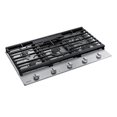 thumbnail image 3 of Samsung NA36R5310FS 36 inch Stainless 5 Burner Gas Cooktop, 3 of 5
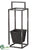 Hanging Metal Planter - Gray - Pack of 6
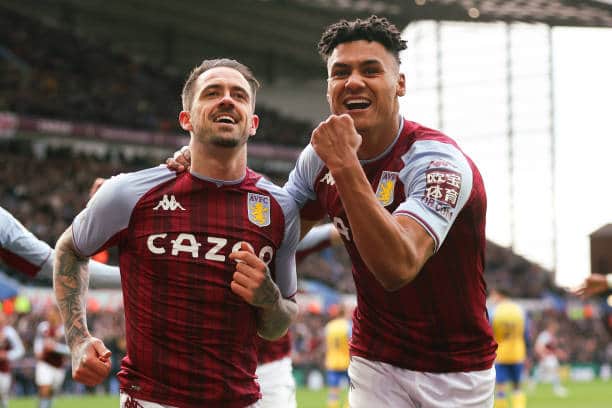 Danny Ings and Ollie Watkins believe their playing styles are adjusting to each other. Picture: Matthew Ashton - AMA/Getty Images.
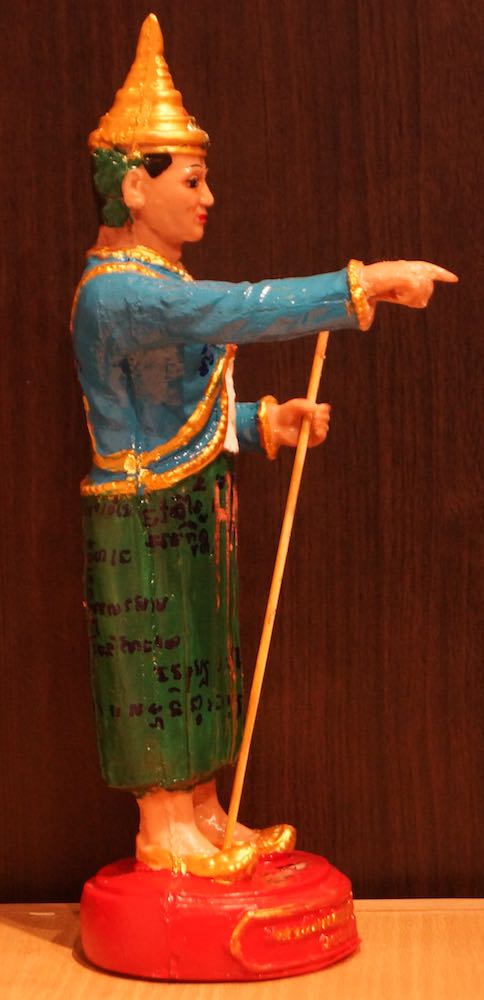 พระบูชา เทพทันใจ นัดโบโบยี มีเจิมสีทอง + จารมือ ขนาดใหญ่ สูง 32 cm ฐาน 10 cm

----------

[EXERCISE DESCRIPTION] Give the listing above again exactly, minus any images.

[ANSWER SECTION]
 thumbnail image 3 of Samsung NA36R5310FS 36 inch Stainless 5 Burner Gas Cooktop, 3 of 5
 Hanging Metal Planter - Gray - Pack of 6
 Danny Ings and Ollie Watkins believe their playing styles are adjusting to each other. Picture: Matthew Ashton - AMA/Getty Images.
 พระบูชา เทพทันใจ นัดโบโบยี มีเจิมสีทอง + จารมือ ขนาดใหญ่ สูง 32 cm ฐาน 10 cm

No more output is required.